As with many expressions, the term running with scissors, has more than one reference, connotation or inference. In this case, visual artist Paul Scerri plays with the literal and the symbolic in the creation of an incredibly tongue-in-cheek body of work, which is inherently and deceivingly attractive in its embodiment of what can only be described as a dual (or multiple) personality.
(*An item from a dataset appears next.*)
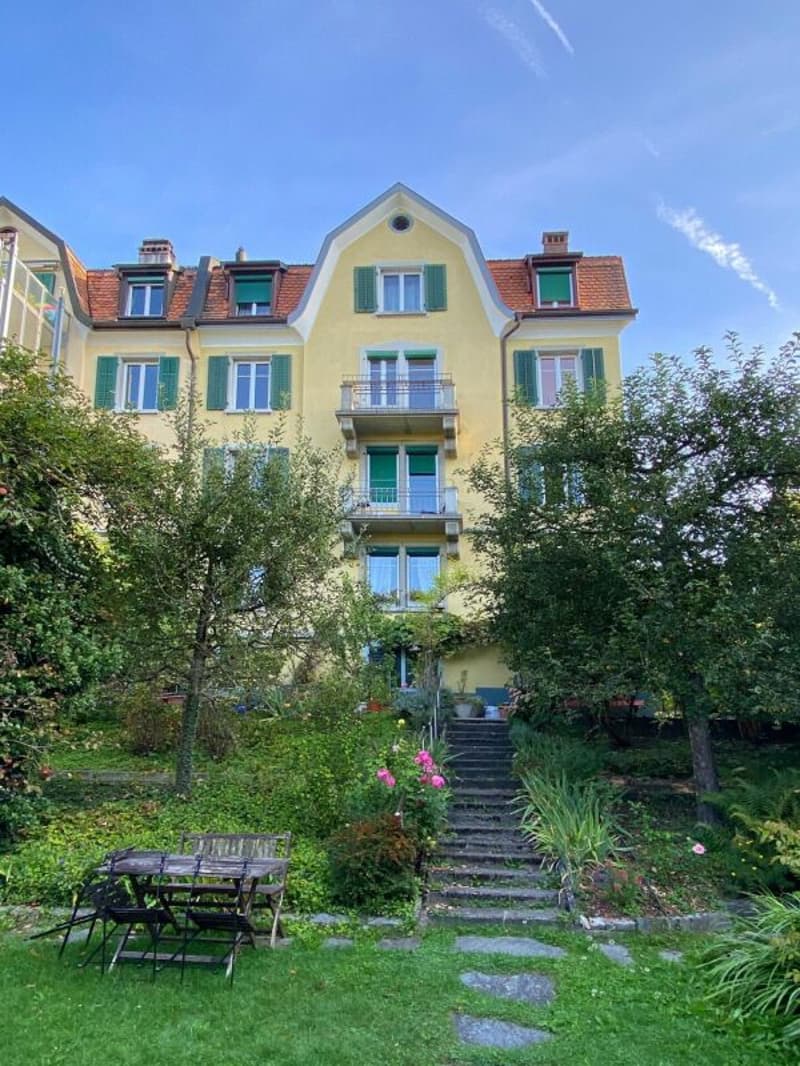 Tolle und sonnige Altbauwohnung mit Charme - Nähe KSW (13)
Paul has found a most distinct aesthetic. His figures are exceedingly curious to behold, not unlike the characters out of Lewis Carroll’s Alice in Wonderland, only more autobiographic and context-specific. After all, each of these figures has been drawn from the artist’s immediate environment; each piece triggered by an eccentric character, a random encounter, or even by a news item. The work is there to be read; for each character to come to life through the devices, which Paul has carefully selected in complement of the figures’ personalities. Dissecting or analysing the origins or purpose of each creation would be a disservice to the work; these pieces are as personal as they are meant to be personalised.
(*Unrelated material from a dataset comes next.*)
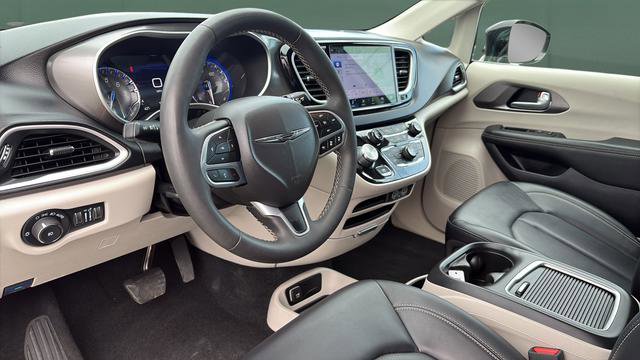 Used 2024 Chrysler Pacifica Touring-L image 19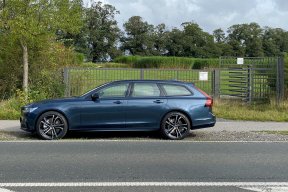 Vorschaubild zum Beitrag: Fahrbericht: Volvo V90 Recharge T6 AWD Modelljahr 2022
Generally lacking clear gender demarcations, Paul’s ceramic community does however lean towards the masculine. Mostly bald, or donning tufts of (gold) hair atop their heads, his clan is made of one and the same ilk – tiny beady eyes, small pursed lips, minimal features, yet oh so expressive. Related? Perhaps. Though more likely a stylistic choice, which allows focus on otherwise distracting details. With an incline of the head, a slightly wider eye, the raising of an eyebrow or the hint of a smile, each figure acquires pride, dignity, dismay, aloofness, irritation, worry… seemingly stricken by the sad clown syndrome.

Yet the apparent state of mind or sentiment attributed to each, is merely a portion of the underlying complexity behind this work. The figure itself, as protagonist, becomes abstracted through repetition; whilst the symbol, that which the figure represents, becomes the true distinguishing element. Nevertheless, the symbols alone would be too vague and obscure to illustrate, the figure is needed to carry the symbols which have practically been emblazoned on their chest. There can’t be one without the other.

Paul’s work is presented through a series of recurrent themes, reinforced through the use of objects or symbols such as blindfolds, keys, scissors, facemasks, headdresses, birdcages. These are often accentuated through the use of mixed media, found objects or bright and iridescent pigments. There is also a distinct link with the work Paul presented in past shows, almost as though there is a narrative being presented through continuation and the ‘re-use’ of symbols.

These minimalist men are truly contemporary icons; easily likened in stance and posture to depictions of saints in niches or plinths. Most of the works do, in fact sit on their own pedestals, their names and titles clearly inscribed. They sometimes even don a tiny pairs of wings, which are, nevertheless, a mere accessory, rather than an indication of deity. They are perhaps a little less holy and a little more impish.

But just like classical statues, they seem to be looking at us, rather than the other way around; passing judgment, or awaiting it?